Salamonde

Maria Do Carmo

A lã, matéria-prima de excelência, teve um papel dominante na sustentabilidade económica de muitas famílias das aldeias de Vieira do Minho, vindo a perder essa importância, por volta dos anos de 1950/1960.

A Serra da Cabreira foi, desde sempre, local de pastoreio, rebanhos de cabras e ovelhas, organizados em “vezeiras”. Saíam ao toque do “cornato” (chifre de vaca transformado em buzina), de manhã, rumo à serra e regressavam à noite, para se protegerem do frio e dos lobos. Era este um ritual bem conhecido dos pastores de Salamonde, e esta organização comunitária, com calendário bem definido de “dias de vezeira”, de acordo com o número de cabeças que possuíam, permitia que os proprietários dos rebanhos programassem as suas tarefas quer agrícolas, quer sociais.

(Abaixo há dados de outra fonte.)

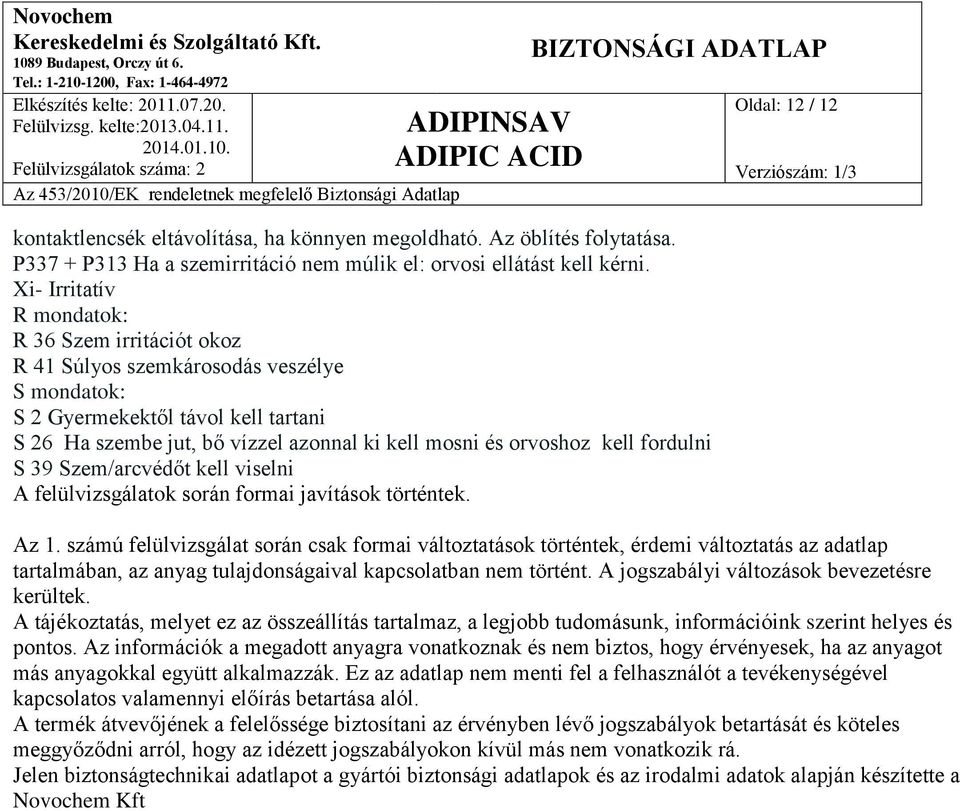 kell fordulni S 39 Szem/arcvédőt kell viselni A felülvizsgálatok során formai javítások történtek. Oldal: 12 / 12 Az 1.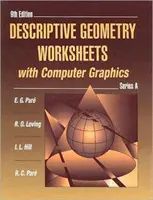 Arbeitsblätter zur Darstellenden Geometrie mit Computergrafiken, Reihe - Descriptive Geometry Worksheets with Computer Graphics, Series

Nos rebanhos mistos, as cabras produziam leite, forneciam carne (cabra e cabrito são dois deliciosos produtos gastronómicos locais), mas também “limpavam” a serra dos matos mais bravos, e as ovelhas, menos bravias, alimentavam-se de plantas mais tenras, produziam leite e carne e forneciam da lã que era aplicada na produção de cobertores (tecidos em Barroso), meias, meiotes, “peúcos” (meias sem pés), camisolas e até aventais.

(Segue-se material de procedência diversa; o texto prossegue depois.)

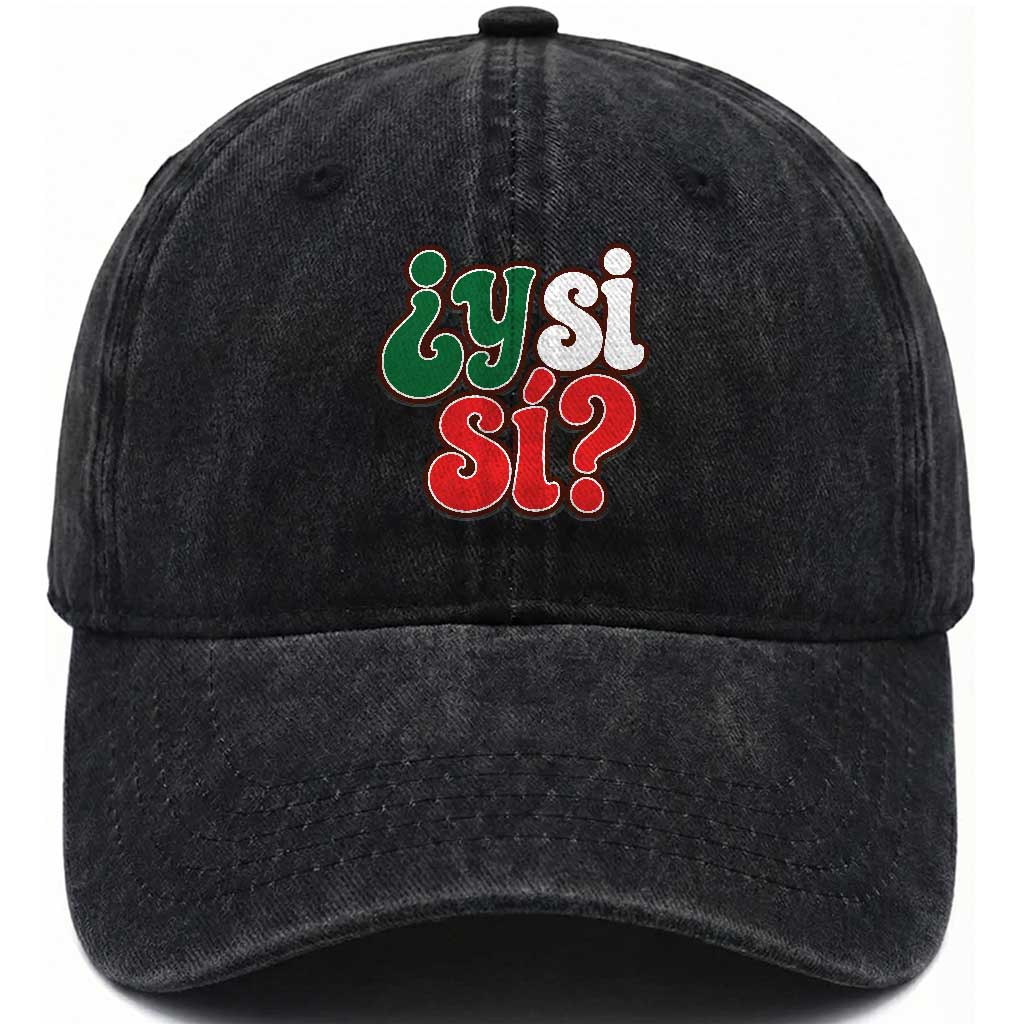 Y Si Si Mexican Flag Colors Typography Washed Cotton Baseball Cap What If Mexico Slang Spanish TS02 Print Your Wear
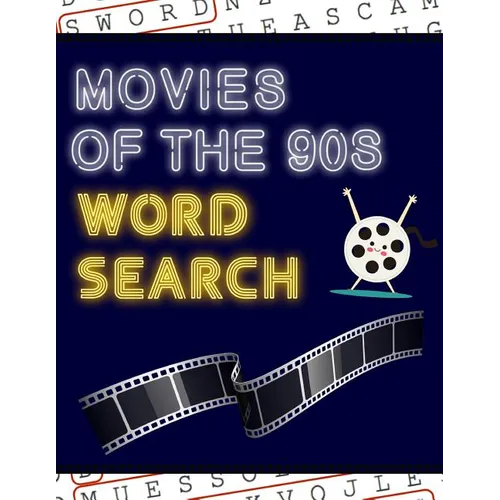 Movies of the 90s Word Search: 50+ Film Puzzles With Hollywood Pictures Have Fun Solving These Large-Print Nineties Find Puzzles!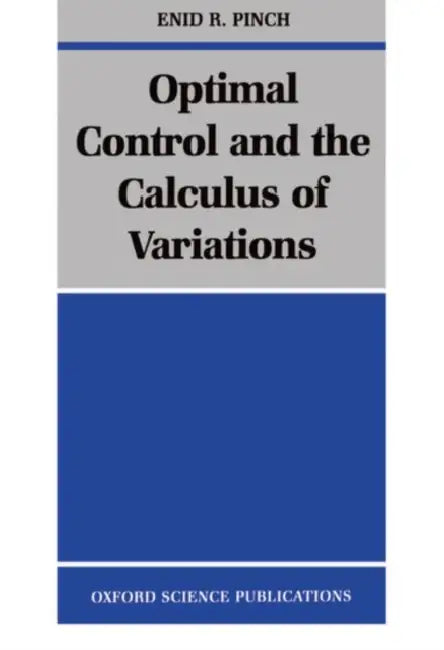 Optimal Control and the Calculus of Variations (English, Enid R. Pinch)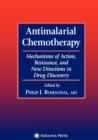 Antimalarial Chemotherapy : Mechanisms of Action, Resistance, and New Directions in Drug Discovery - Book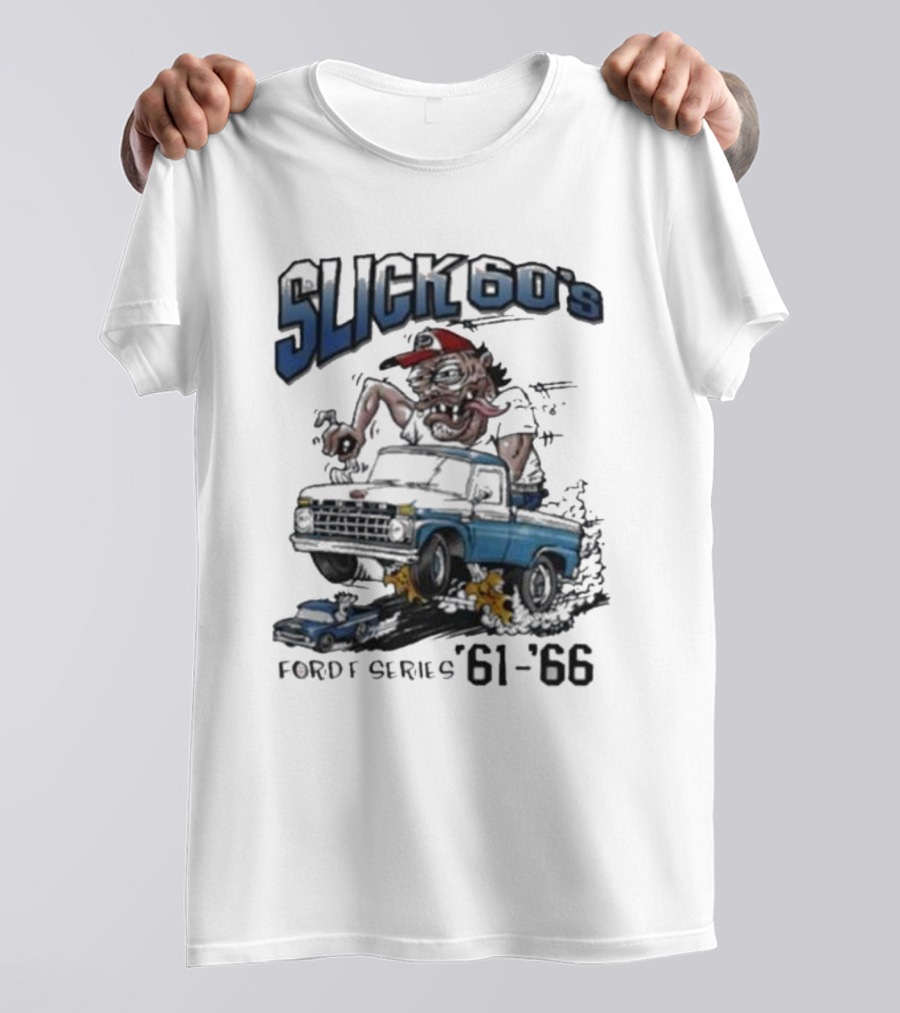 Slick 60'S Ford Series 61-66 Vintage Design Car Cartoon T-Shirt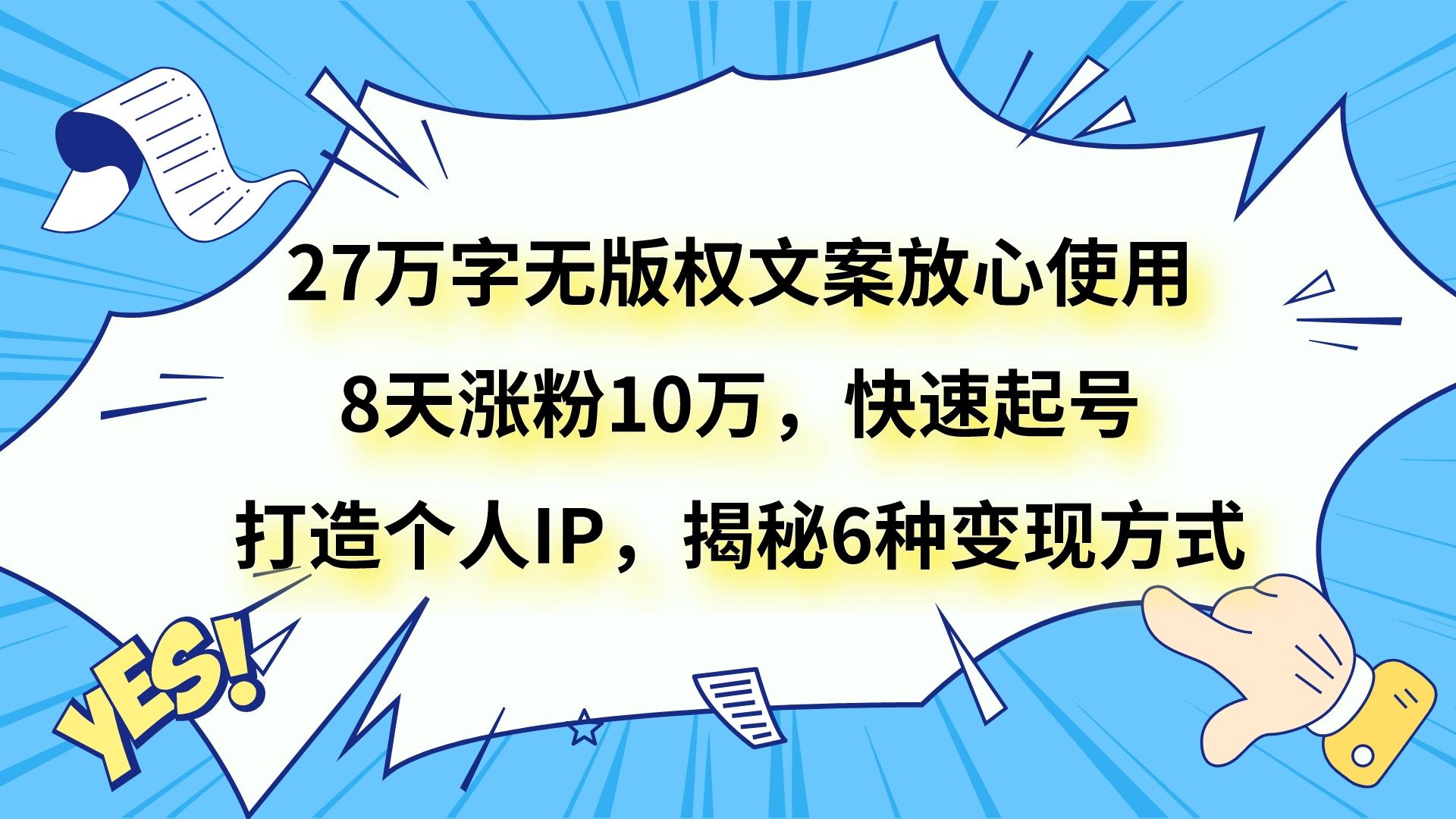 27万字无版权文案放心使用，8天涨粉10万，快速起号，打造个人IP，揭秘6种变现方式插图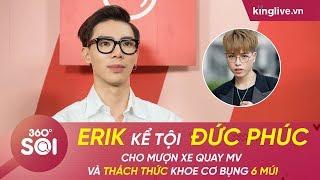 KINGLIVE | Erik kể tội Đức Phúc cho mượn xe quay MV và thách thức khoe cơ bụng 6 múi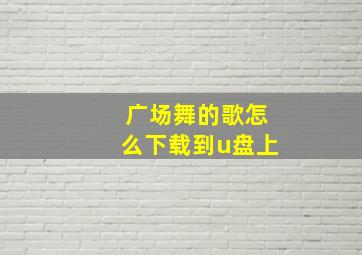 广场舞的歌怎么下载到u盘上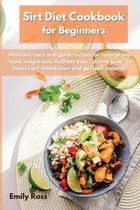 Sirt Diet Cookbook for Beginners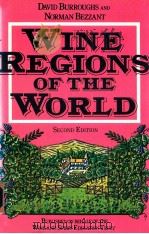 Wine regions of the world: david burroughs and norman bezzant second edition   1988  PDF电子版封面  0434901741  Spirit Education Trust 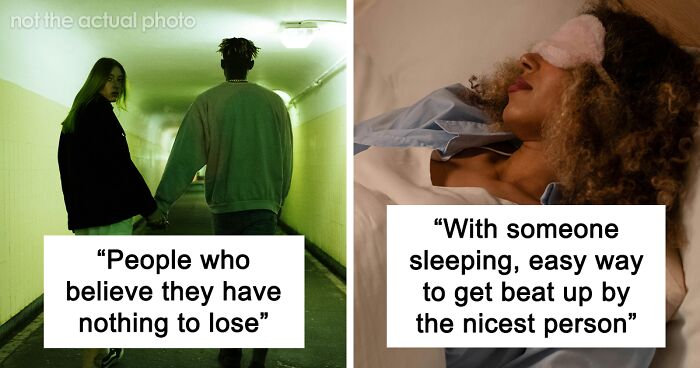 35 People Share What They Will Never Mess With Again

O trabalho da lã, como forma de artesanato, tem vindo a ganhar uma nova dimensão e os rebanhos de cabras e ovelhas, como forma de atividade económica, estão de novo em crescimento, e, com esta simbiose, poderá voltar a ver-se nas aldeias de Vieira do Minho a produção artesanal de artigos tão tradicionais e tão específicos.

Da tosquia, realizada normalmente em maio, aproveitava-se a melhor (a lã mais comprida e mais limpa) que, para chegar ao produto final, passava por ser “escardufada” (aberta), cardada, fiada, torcida, enovelada e depois dobada em meadas para ser finalmente lavada e, se necessário, ser tingida. Após todos estes passos, surgia a lã como produto final para ser transformada em peça de vestuário que as mesmas mãos sábias iriam produzir.

Cada peça de vestuário cumpria um objetivo: para uso no trabalho do dia-a-dia podia ser feita a partir da lã mais natural possível, pois nada garantia que a cor do fio mantivesse a mesma gradação do início ao fim da meada; se era para uma peça de roupa de uma criança (meias ou camisolas) já a lã meirinha era a selecionada, pois era mais branca e a mais macia; caso se tratasse de umas meias para um ato mais solene, ou para oferta a algum “senhor”, e se quisesse uma peça bem escura de um tom único, costumava usar-se tingir a lã.

O processo usado para tingir a lã foi também aperfeiçoado, ao longo dos tempos, e, se no início se conseguia uma cor pouco uniforme, quando se colocava a lã no pote a ferver com cascas de cebola para que ficasse amarela/bege, quando se queria obter uma peça com a cor preto firme colocava-se a lã a ferver, juntamente com um ou mais chapéus velhos (chapéus de feltro) que os homens já não usavam, e a cor desses chapéus, quase sempre pretos, tingia a lã de uma forma perfeita.

Mudam-se os tempos e surge a vontade de conseguir que a tradição não se perca, pois são muito poucas as pessoas que fazem o aproveitamento desta matéria-prima, não porque ela não exista, mas porque o saber fazer, de forma tradicional, está em desuso e a facilidade em adquirir produtos similares está muito mais ao alcance de todos.